The primary beneficiaries of the merger of those previously sometimes competitive systems of post-secondary education will be Utah students and employers, according to Millner, the former president of Weber State University.
“It’s groundbreaking for the students of Utah,” agrees Steve Moore, the chairman of the soon-to-be-dissolved trustee board for the Utah Technical Colleges. “That’s what it’s really all about – the students of the state of Utah and the employers who hire the students that we serve.”
Millner explains that the long-term goals of the new comprehensive educational system will include greater access to post-secondary education for students, especially those in rural areas; increased cooperation between Utah institutions; improved affordability of post-secondary education; increased responsiveness to the needs of Utah employers; improved educational mobility from certificate programs at technical colleges to degree programs at universities; and, accelerated graduation rates.

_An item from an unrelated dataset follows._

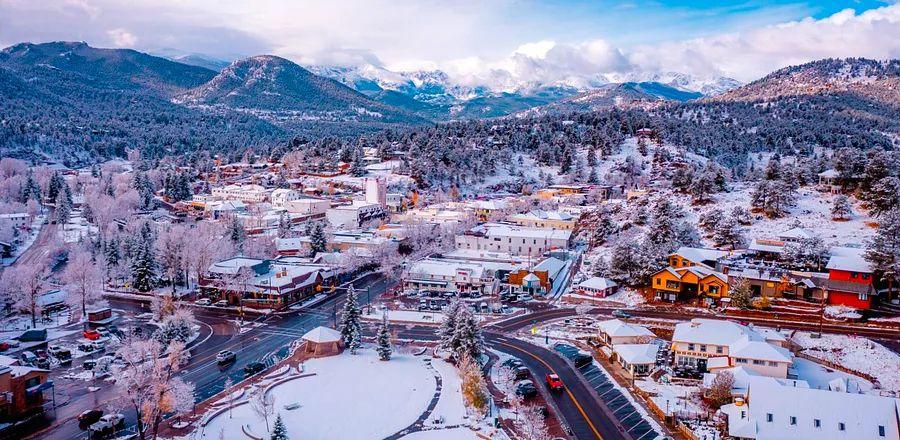 Cover Image for 7 Exciting Ways to Embrace Winter in the Rocky Mountains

The format of the new higher education system was a consensus developed through painstaking negotiations between regents, trustees, educators and business leaders, Millner adds.
The new Utah Board of Higher Education will include six members each from the former Board of Regents and the former Board of Trustees of the technical colleges; two student members (one from a tech college and one from a university); and four at-large members selected by the Utah governor to represent specific areas of expertise. The board will then select a commissioner to be approved by the governor and confirmed by the Utah Senate. Associate commissioners for academic and technical education will then be appointed, along with separate boards of trustees for each of the universities and colleges. Finally, an Industry Advisory Council including representatives of Utah employers and K-12 public education will consult with the new board about their respective areas of interest.
“The primary objective (of the new organizational system),” Speaker of the Utah House Brad Wilson emphasizes, “is increasing access to and the affordability of post-secondary education for our students across the state.”
Millner added that the new Board of Higher Education will seek to achieve that goal by improving articulation of programs and reduction of duplicative offerings across the entire post-secondary system.
“Ideally, we want there to be seamless pathways from a certificate program at a technical college, through a related associate program and eventually to a degree at university level,” Miller adds, “so that a student doesn’t have to waste time and money by starting over at any point along that way.”
That facilitation of credit transfers between post-secondary institutions is also expected to improve graduation rates and reduce student loan debt levels.